- _GIVEN DATA_
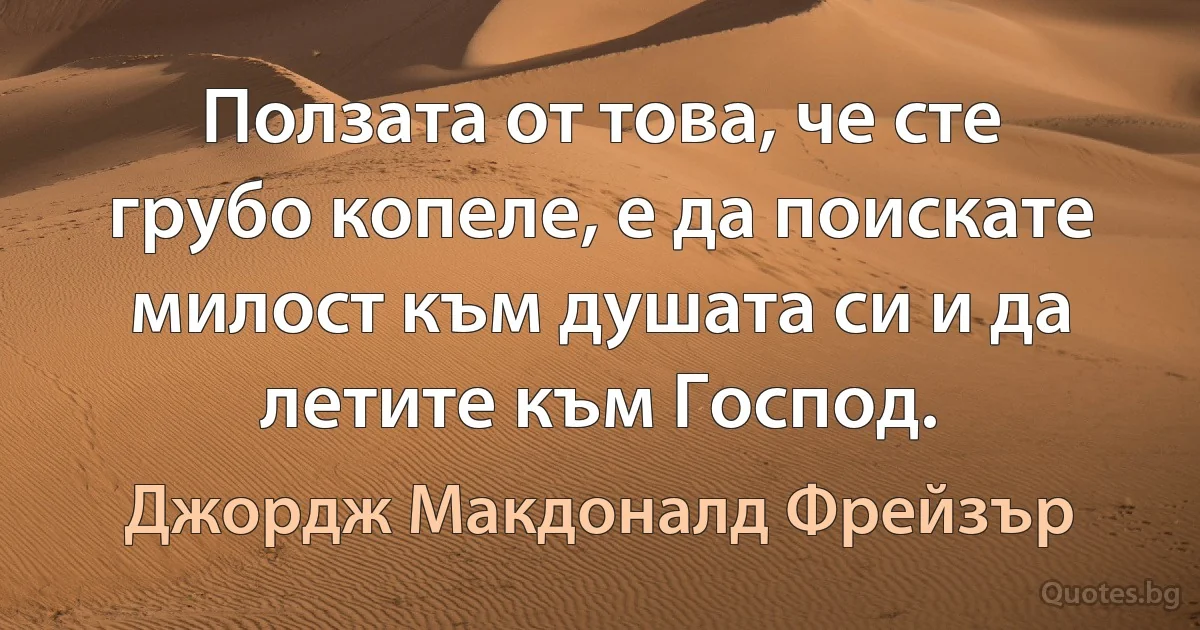 Ползата от това, че сте грубо копеле, е да поискате милост към душата си и да летите към Господ. (Джордж Макдоналд Фрейзър)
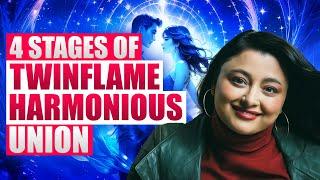 4 Stages of Twin Flame Harmonious Union | My TwinFlame Journey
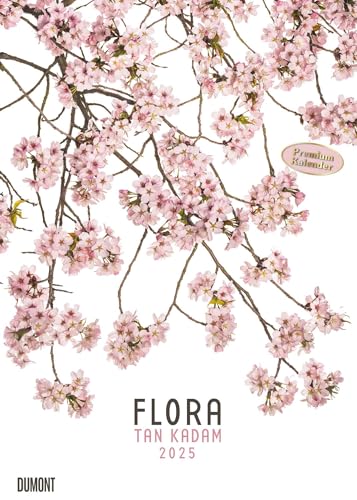 Flora 2025 – Blumen-Kalender von DUMONT– Foto-Kunst von Tan Kadam – Poster-Format 50 x 70 cm von DUMONT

- _EXERCISE DIRECTIONS_
What you need to retype is every line from the one that has "4 Stages of" through the last line of the listing, both included, with the pictures left out.

- _ANSWER TO THE EXERCISE_
 4 Stages of Twin Flame Harmonious Union | My TwinFlame Journey
 Flora 2025 – Blumen-Kalender von DUMONT– Foto-Kunst von Tan Kadam – Poster-Format 50 x 70 cm von DUMONT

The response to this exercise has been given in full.